Tuesday, February 17, 2015
The Oreo
Lately, Teagan and I have been on the paleo diet. That is referring to the paleolithic time period, back when we didn't have the readily available processed foods. The theory behind the diet is to get back to our homosapien roots; back to the kind of foods our body really needs and can more easily process. That being said, the diet definitely does not allow for oreos. It definitely does not allow for birthday cake flavored ones either.
At work, the women that I work with will sometimes bring snacks for everyone to share. They will bring anything from trail mix to twizzlers, and it all goes on a shelf for us all snack on periodically throughout our day (working at a bank has it's perks!). This week, one of the women that I closely work with brought birthday cake oreos. I had eyed the decadent cookies a few times in passing, but I wanted to remain faithful to the diet that Teagan and I were on. "No oreos", I thought upon seeing them.
So I didn't eat them. But then as I went to sit down, my coworker informs me of the oreos.
"I put some oreos out there if you want them!" She continues, "I got them for my family, but we though they tasted to different from the normal oreos. They're birthday cake. Try one and let me know what you think!"
In that moment, my mind thought about the diet. Teagan already knew that I had still been having burritos on my lunch because of the convenience, even though the tortillas are not paleo. He was fine with it and had never expected me to fully follow the strict diet with him. None the less, I still wanted to abstain where he was abstaining in order to give him the best chance of succeeding. My initial thought told me to say, "no".
But then, my mind thought of the fact that I wanted to have better relationships with people. My mind went to the possible affect that sounding pompous, throwing a word like "paleo" around, and saying no to one stinking cookie could have. Was I willing to come across as possibly rude and stuck up? Was I willing to sacrifice possibly becoming friends with someone that might need a person who knows Jesus in their life for encouragement and possible salvation?
Okay, so maybe that's a but much. My mind likes to run away on tangents sometimes, that much is clear. But what could be the real "oreos" in our lives? We all work with and interact with people that God has placed into our lives so that we might be a bright light to them. We could be the absolutely one and only chance that they have to see the light of Jesus.

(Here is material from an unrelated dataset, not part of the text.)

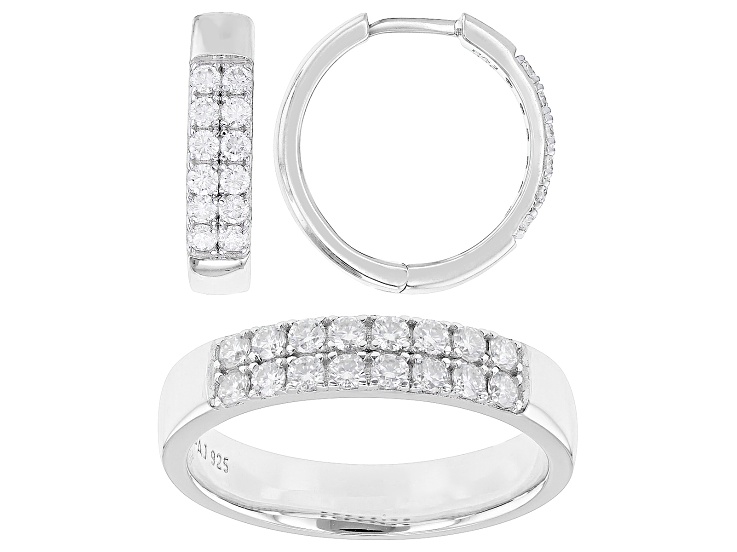 Moissanite Platineve Hoop Earrings and Band Ring Set 1.20ctw DEW.
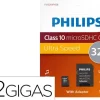 MEMORIA SDHC MICRO PHILIPS 32GB CLASS 10 CON ADAPTADOR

But are we turning a nose up to even the smallest gestures that might not line exactly up with our "paleo diets"?
I am in no way suggesting that we should compromise and do something that we believe to be immoral. But when interacting with someone that you believe God has placed in your life, we must be sure that we don't cross the line from Jesus fanatic (yay Jesus!) to 10 commandments' snob (boo other people). Jesus himself ate with sinners and was criticized heavily for it by the pharisees. But we know that he also never sinned.
We should not necessarily seek out company that is negative with the plans of making them close friends. Jesus had twelve close friends, and they followed him, learning from his teachings daily. But he also did not act snobby like the religious leaders of that day and reject the offers from known "sinners" (as if the pharisees did not sin) to come and dine with them.
One of the best ways that we can spread the gospel is not through the retelling of Jesus story through words, but through our actions. That is not to say that there is not power in the retelling of the gospel, but our relationship with others can deeply affect weather or not they are receptive to coming to Christ when the right time comes. If we are sincere about caring for others, it will reflect in our actions. Those around us will feel welcomed in your presence rather than condemned. They will feel your compassion rather than your religion.
I would never condone sinning to keep an acquaintance or friend. That is not what I wish to convey. But there is a way to treat someone that will make them feel less like a spiritual roadblock or a spiritual checkbox, and more like an actual person worthy of mutual respect. And let's face it, into every diet some oreos must fall.